SUPPLIED ENTRIES Block Start
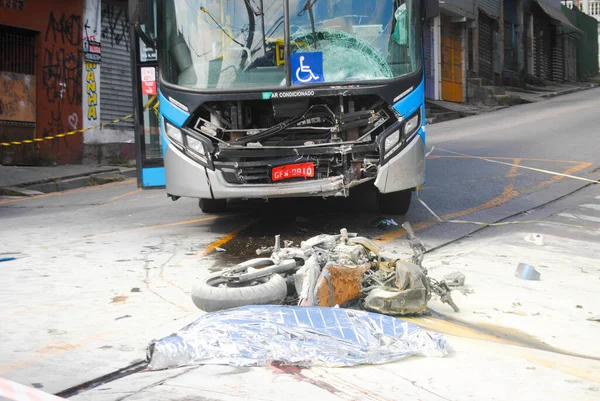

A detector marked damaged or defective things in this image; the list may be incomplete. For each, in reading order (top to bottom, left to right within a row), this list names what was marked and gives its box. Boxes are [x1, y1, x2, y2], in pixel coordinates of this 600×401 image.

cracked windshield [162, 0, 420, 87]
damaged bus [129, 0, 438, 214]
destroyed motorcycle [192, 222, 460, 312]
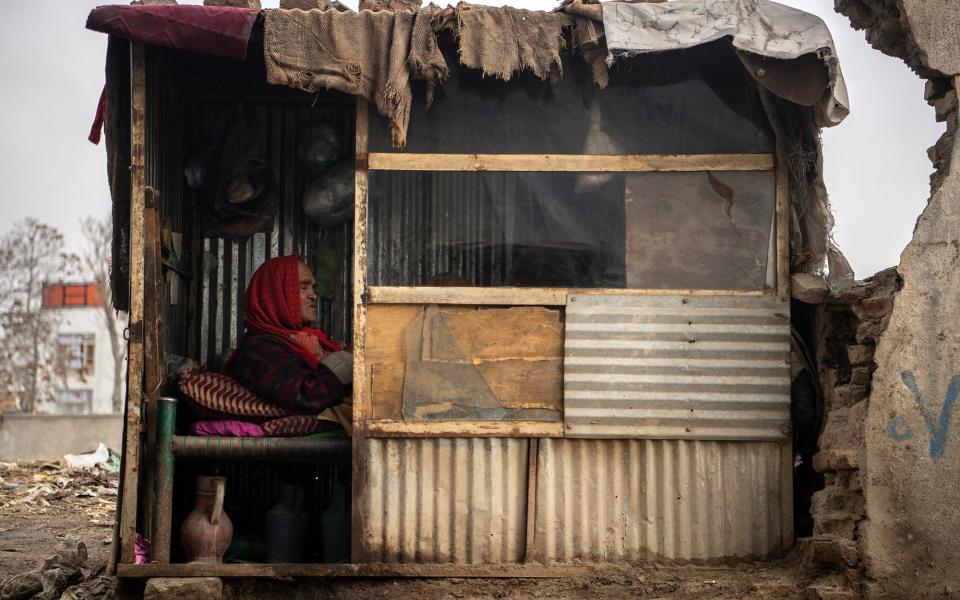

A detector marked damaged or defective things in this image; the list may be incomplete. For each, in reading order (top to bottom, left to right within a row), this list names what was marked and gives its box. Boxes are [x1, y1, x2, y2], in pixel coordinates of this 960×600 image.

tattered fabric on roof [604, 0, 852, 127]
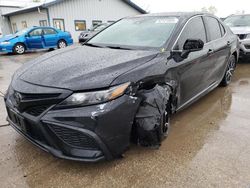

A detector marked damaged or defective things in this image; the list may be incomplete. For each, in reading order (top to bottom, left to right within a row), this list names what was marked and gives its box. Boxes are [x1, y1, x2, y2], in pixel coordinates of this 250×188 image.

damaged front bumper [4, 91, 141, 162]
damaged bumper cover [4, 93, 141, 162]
SUPPLIED ENTRIES Block End
▶ [AIM OF THE TASK]
Return each line from the material above exactly, but not the pictures.

▶ [RESULT BELOW]
A detector marked damaged or defective things in this image; the list may be incomplete. For each, in reading order (top to bottom, left to right within a row), this list names what was marked and gives its box. Boxes are [x1, y1, x2, y2], in pixel coordinates of this 600×401 image.

cracked windshield [162, 0, 420, 87]
damaged bus [129, 0, 438, 214]
destroyed motorcycle [192, 222, 460, 312]

A detector marked damaged or defective things in this image; the list may be incomplete. For each, in reading order (top to bottom, left to right within a row), this list names what was marked and gives its box. Boxes are [x1, y1, x2, y2], in pixel coordinates of this 960×600 image.

tattered fabric on roof [604, 0, 852, 127]

A detector marked damaged or defective things in this image; the list may be incomplete. For each, in reading order (top to bottom, left to right within a row), this list names what was marked and gives its box. Boxes are [x1, y1, x2, y2], in pixel coordinates of this 250×188 image.

damaged front bumper [4, 91, 141, 162]
damaged bumper cover [4, 93, 141, 162]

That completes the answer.